Edit: No one sits down in front of a computer one fine day and says to himself/herself, "I'm going to dedicate the next two years of my life to being a world-class speedcuber." First of all, no one knows what "world-class" means in a year from now. Secondly, people sit down in front of a computer to cube because they're addicted to it. In all honesty, it doesn't take complete focus and unwavering dedication to be sub-15 these days (for teenagers). Most of us probably need to put in conscious effort to be sub-10, but being "decently fast" happens naturally/as a simple consequence of addiction, ask anyone.


----------



## mande (Apr 28, 2012)

In India, 10th and 12th grade exams are a huge thing...and cubing is impossible in both of these years (even most of the 11th grade requires us to study for entrance exams to colleges for our bachelors degree). After that, once you start your undergrad, there is an enormous pressure (from family and college as well) to do well. I myself completed my undergrad in a place which had an average class size of 10 students (my batch started with 11, and ended with 10 after 1 guy got kicked out), and if you failed in even 1 course, you would be chucked out of college (also the college had the reputation of chucking out at least 1 guy per batch). After that, people who take up jobs have no time at all to cube. People who continue studies (like me) get additional pressure piled up on them, and also find almost no time to cube.

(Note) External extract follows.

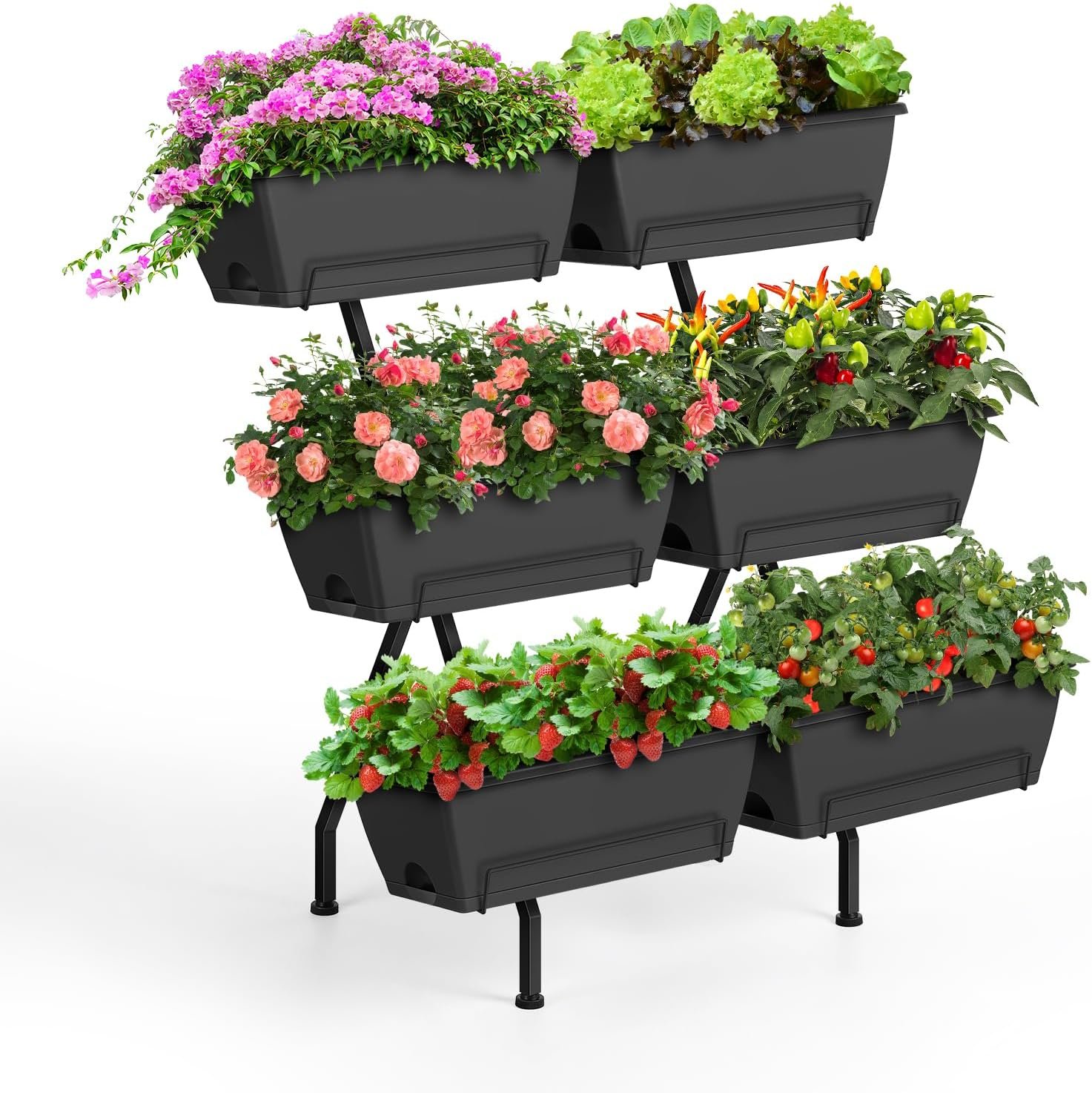 Raised Garden Beds with 6 Garden Planter Boxes Indoor Outdoor Vertical Raised Bed for Gardening Standing Planter Box with Legs, 3 Tier Elevated Herbs Flowers Garden Planter for Patio, Balcony, Gray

I saw some posts about Bernett...he is currently in his 11th (or 12th, I forget) grade, and studying hard for his entrance exams, due to which he doesn't get time to cube...
Distances in India are huge...for me, going to Indian Open by train would take like 36 hours, which I cannot afford to waste because of my classes. Above that, there is only 1 delegate because of which we have only a limited number of competitions which we can attend.
I guess my main point is that the education system in India does not permit 1 to cube much...


----------



## theace (Apr 29, 2012)

blah said:


> is there some perverted distortion to the notion of happiness that you can't feel happy doing something you enjoy because you enjoy it too much and/or it doesn't contribute to the greater good?


More like you aren't allowed to.



blah said:


> There have been many world-class cubers who've disappeared because of school or work, but nothing ever stopped them from being world-class in the first place. In all honesty, it doesn't take complete focus and unwavering dedication to be sub-15 these days (for teenagers). Most of us probably need to put in conscious effort to be sub-10, but being "decently fast" happens naturally/as a simple consequence of addiction, ask anyone.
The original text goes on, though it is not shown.